Celebra-se a atual tentativa do legislador de promover uma transformação sociocultural concreta e efetiva na visão androcêntrica do mundo do trabalho acerca das pessoas trabalhadoras, das suas competências e habilidades.

25/8/2023

O ano era 1943. Entrava em vigor o decreto-lei 5.452, a Consolidação das Leis do Trabalho. Em sua redação original, o art. 5º do diploma legal dispunha “a todo trabalho de igual valor corresponderá salário igual, sem distinção de sexo”. Oitenta anos e alguns outros dispositivos normativos separam esse artigo da CLT, ainda em vigor, da festejada lei 14.611, de 03 de julho de 2023, a qual dispõe sobre igualdade salarial e critérios remuneratórios entre mulheres e homens.

Celebra-se a atual tentativa do legislador de promover uma transformação sociocultural concreta e efetiva na visão androcêntrica do mundo do trabalho acerca das pessoas trabalhadoras, das suas competências e habilidades. Uma nova roupagem de enfrentamento a um antigo problema que a sociedade brasileira, a despeito da legislação trabalhista, da Constituição Federal de 1988 e das normas internacionais de Direitos Humanos ainda não deu conta de resolver. Portanto, a efetividade normativa que tanto se  almeja decorrerá do compromisso do legislador com a visibilidade das dinâmicas de trabalho das mulheres a partir das lentes da perspectiva de gênero, pensando o Direito do Trabalho a partir das teorias feministas e considerando que a casa, a família e o trabalho doméstico não são estranhos ao mundo do trabalho produtivo, mas sim a sua base1 .

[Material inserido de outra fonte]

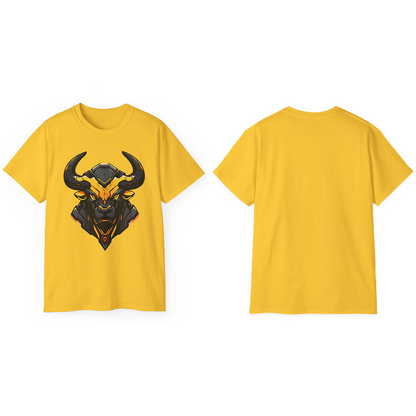 100% Cotton Short Sleeve Tee | Mascot-Bull-003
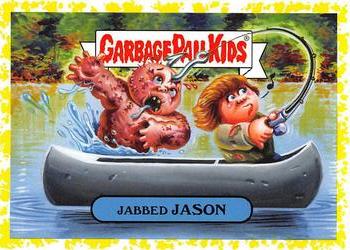 2019 Topps Garbage Pail Kids: Revenge of Oh, the Horror-ible! - Blood Splatter Yellow #6a Jabbed Jason Front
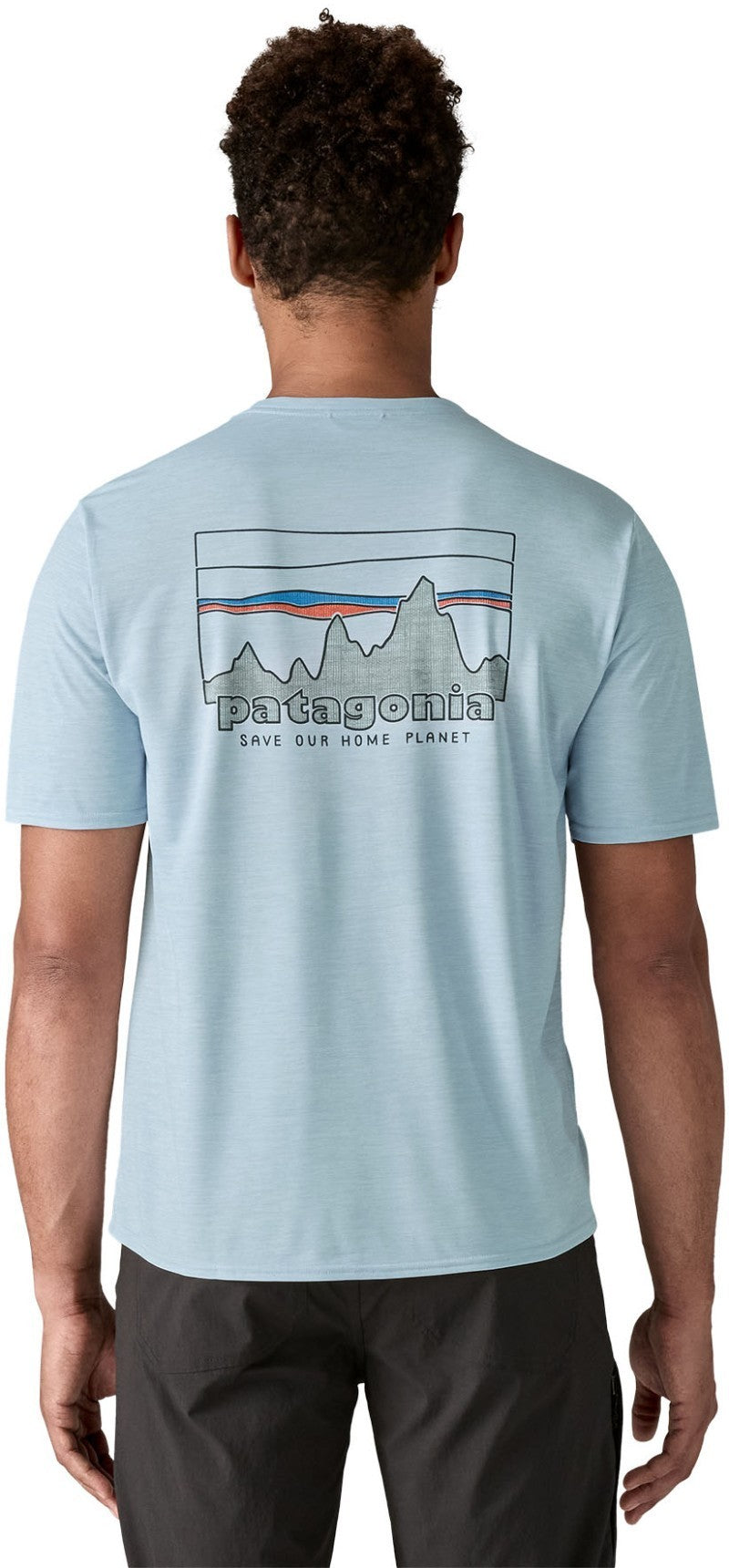 Capilene Cool Daily Graphic SS Shirt - Mens - 73 skyline / fleck blue 1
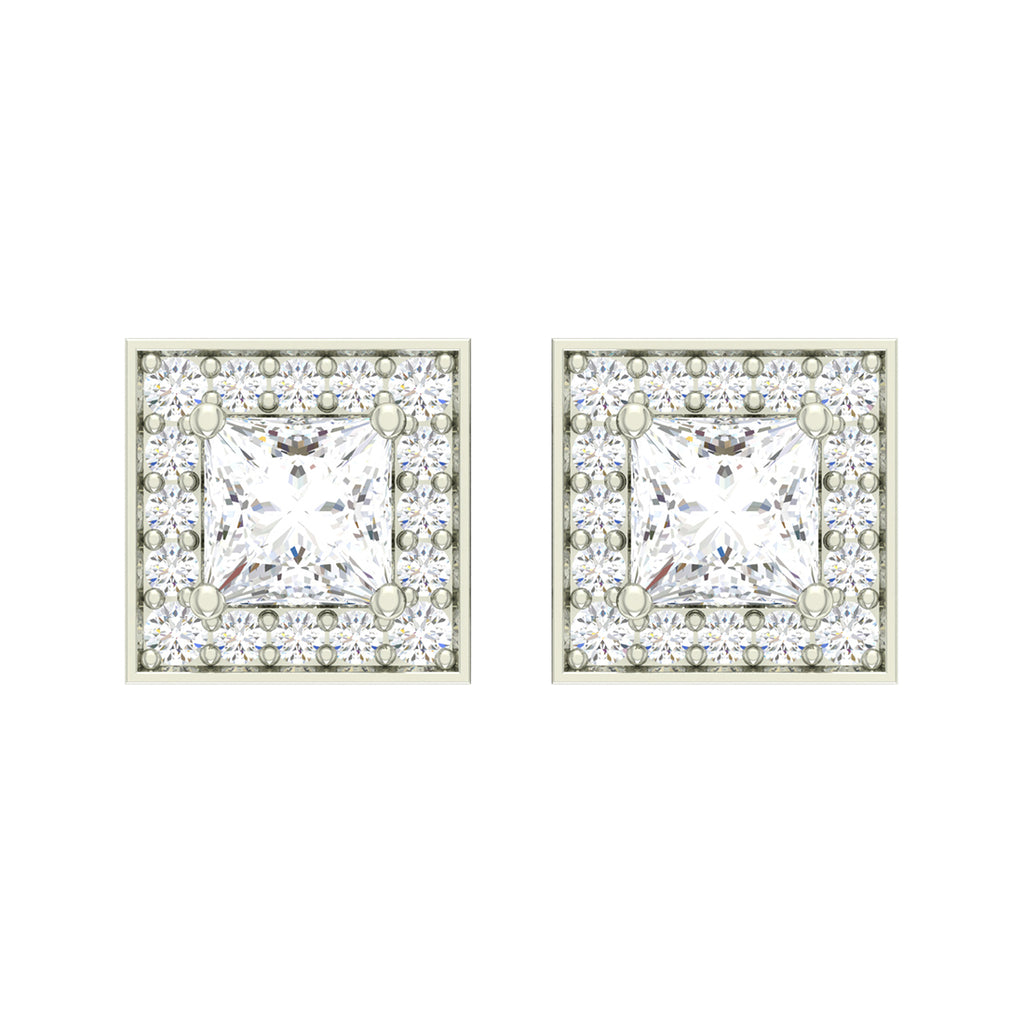 Silver Princess Earring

Não há como tratar de isonomia salarial no mundo do trabalho sem destacar, ainda que de forma sucinta, três aspectos: 1) os impactos dos estereótipos de gênero na inserção feminina no mundo do trabalho, os quais reforçam a posição de centralidade dos homens na sociedade, desprestigiando características e habilidade entendidas socialmente como femininas e valorizando características e comportamentos tidos como masculinos2; 2) a divisão sexual do trabalho, conceito formulado por teóricas feministas fundado em dois princípios, quais sejam, o da separação - através do qual se interpreta que existem trabalhos que devem ser exercidos por homens e outros que se atribui às mulheres; e o hierárquico – através do qual se observa que o trabalho do homem é mais valorizado social e economicamente que o trabalho da mulher3 e, 3) o caráter sexuado da precarização4 marcado pelo crescimento da participação de mulheres, em especial de mulheres que acumulam atravessamentos interseccionais de gênero e raça, em trabalhos precários, vulneráveis ou informais, onde os desníveis salariais em relação aos homens são ainda mais acentuados.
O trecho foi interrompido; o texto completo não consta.